O QUADRO PRETO E AS LOUSAS
Caríssima/o:
Parece que estou a ver-nos a espreitar pela porta para olhar a sala onde ia ser o exame: aquilo é que os quadros eram grandes e pretos!
Assim era de facto: sala que se prezasse tinha um bom quadro preto na parede! É que havia-os grandes e pequenos, com e sem moldura, contra a parede ou em cavalete de madeira, cinzentos ou pretos... E nós medíamos a categoria da escola pela do quadro!

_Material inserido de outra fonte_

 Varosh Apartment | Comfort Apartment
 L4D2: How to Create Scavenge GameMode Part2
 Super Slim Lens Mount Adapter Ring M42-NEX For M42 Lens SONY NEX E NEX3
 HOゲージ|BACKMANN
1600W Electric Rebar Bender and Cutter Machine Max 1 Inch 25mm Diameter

Era ainda motivo de aferição o facto de ter ou não linhas horizontais marcadas com vincos regulares; isso sim, quadro de primeira – fazer essas linhas com giz quando precisas, para as apagar juntamente com o nosso trabalho, era para esquecer...
Outro pormenor importante: a prateleira a todo o comprido da pedra e onde se depositava a esponja e o giz; se com requinte e rebordo para suportar tudo sem cair pó nem nenhum dos paus de giz, aí quase pedíamos para escrever ou fazer contas ...

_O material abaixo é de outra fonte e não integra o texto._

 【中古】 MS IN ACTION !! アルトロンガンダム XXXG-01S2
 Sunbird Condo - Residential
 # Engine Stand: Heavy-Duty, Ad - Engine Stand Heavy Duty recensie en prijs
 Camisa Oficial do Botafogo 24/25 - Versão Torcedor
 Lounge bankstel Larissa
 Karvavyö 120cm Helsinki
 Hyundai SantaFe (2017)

Claro que nesses nossos tempos, luxo era podermos utilizar a esponja; para o dia a dia, lá estava o pano mais ou menos húmido para “safar” e deixar a superfície reutilizável em condições razoáveis... Quando o pó era demasiado, vinha a trabalheira de termos de lavar o quadro... E este pó variava conforme a qualidade dos pedaços de gesso que aproveitávamos para os nossos trabalhos no quadro; daquela vez que se levou um para a sala que fazia só riscos vincados, foi o bom e o bonito! O que o levou cheio de boa vontade apanhou um raspanete... (Não falo em giz de cor; seria caso para perguntar se saberíamos o que era isso?)
Também de ardósia, a nossa lousa. Aí fazíamos a quase totalidade dos trabalhos escritos: aprendíamos a desenhar as primeiras letras, os números; aí riscávamos as cópias, os ditados, as contas e os problemas; os mais dotados de mãos desenhavam maravilhas que o dedo impiedoso apagava!
E a lousa era mágica: rectangular, 30X20 cms, rígida (logo podia pôr-se sobre os joelhos, pousar-se sobre a carteira ou colocá-la no chão...). Para escrever nada mais que um ponteiro do mesmo material; uns, delgados e longos com a parte de cima envolvida num papel colorido, outros mais grossos ..., mas o normal eram uns restos dos que se iam partindo e que aproveitávamos pois um novo custava um tostão e dinheiro em tempo de guerra era coisa não vista.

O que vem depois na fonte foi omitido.